Guest Presenter:
Daniel B. Forger III, Ph.D.
Professor of Mathematics
Research Professor of Computational Medicine and Bioinformatics
Michigan Institute for Data Science Core Faculty
University of Michigan
Visiting Scholar, NSF-Simons Center for Mathematical and Statistical Analysis of Biology
Harvard University
Title:
Whole-Brain Simulation on Desktop Computers
While tremendous knowledge has been gathered on parts of the brain, progress on understanding many of the major brain challenges (affective disorders, autism spectrum disorders, ...) has been slow. This may be due to the lack of mathematical and computational methods to understand the brain at scale. I will highlight three methods we are developing to address this.
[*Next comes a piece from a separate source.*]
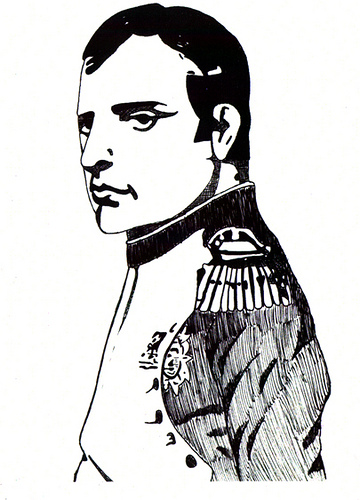 360x500 Napoleon Bonaparte This Is From My Senior Year Of High - Napoleon Sketch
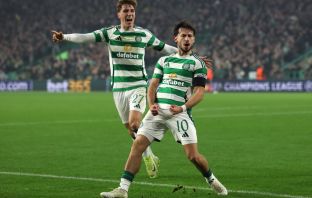 Nicolas Kuhn celebrates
Studying one region of the brain responsible for daily timekeeping, I will discuss a new ansatz for coupled oscillators which is similar to the popular ansatz by Ott and Antonsen, but which gives better fits to biological data. Inspired by a course I took with Michael Shelley on population density methods in neuroscience, I will describe a new level-set Kalman Filter that can be used with particle methods to simulation regions of the brain. Finally, I will discuss how we are simulating the electrical (Hodgkin-Huxley type ionic) activity and paracrine signaling of millions of neurons, visualized by collaborators in wild-type and mutant mics, with GPUs. If time allows, I will show how these methods can link to ongoing work on genomics and wearables.